Package Overview

Implements the Expectation Maximisation Algorithm for clustering the multivariate and univariate datasets. There are two versions of EM implemented- EM and EM* (converge faster by avoiding revisiting the data). For more details on EM*, see the ‘References’ section below.
The package has been tested with numerical datasets (not recommended for categorical/ordinal data). The package comes bundled with a dataset for demonstration (ionosphere_data.csv). More help about the package can be seen by typing ?DCEM in the R console (after installing the package).
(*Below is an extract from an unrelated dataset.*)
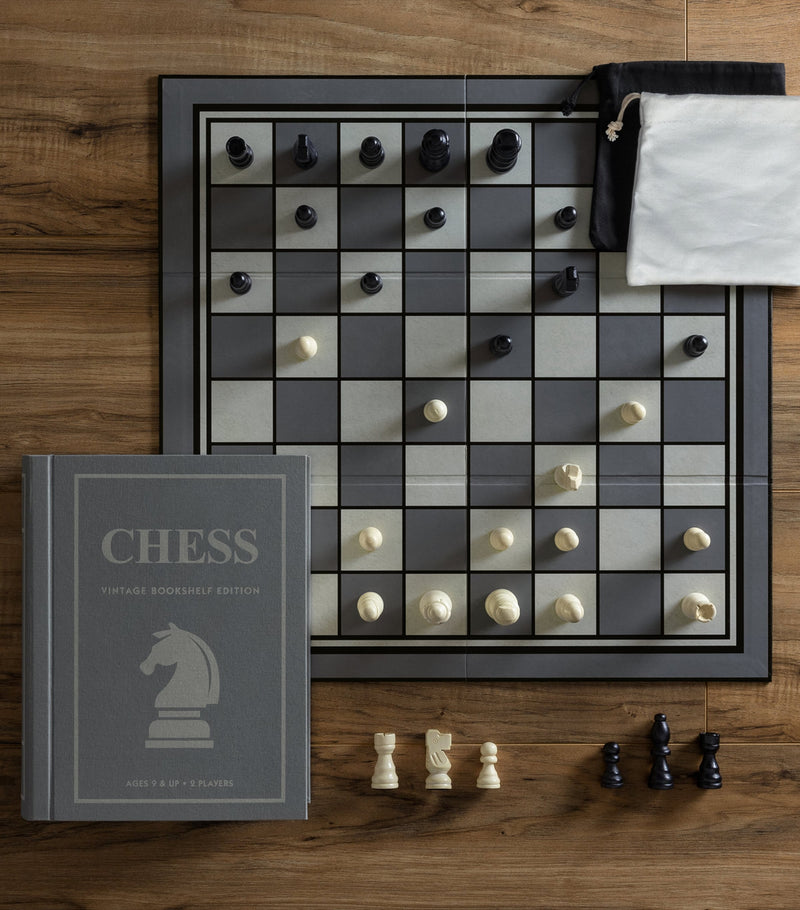 Vintage bookshelf chess board game (British brand)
Currently, data imputation is not supported and user has to handle the missing data before using the package.

Contact

For any Bug Fixes/Feature Update(s)

[Parichit Sharma: parishar@iu.edu]

For Reporting Issues

Issues

GitHub Repository Link

Github Repository

Installation Instructions

Installing from CRAN

install.packages(dcem)

Installing from the Binary Package

install.packages(dcem_1.0.0.tgz, repos = NULL, type="source")

How to use the package (An Example: working with the default bundled dataset)

ionosphere_data = read.csv2(
  file = paste(trimws(getwd()),"/data/","ionosphere_data.csv",sep = ""),
  sep = ",",
  header = FALSE,
  stringsAsFactors = FALSE
)

Paste the below code in the R session to clean the dataset.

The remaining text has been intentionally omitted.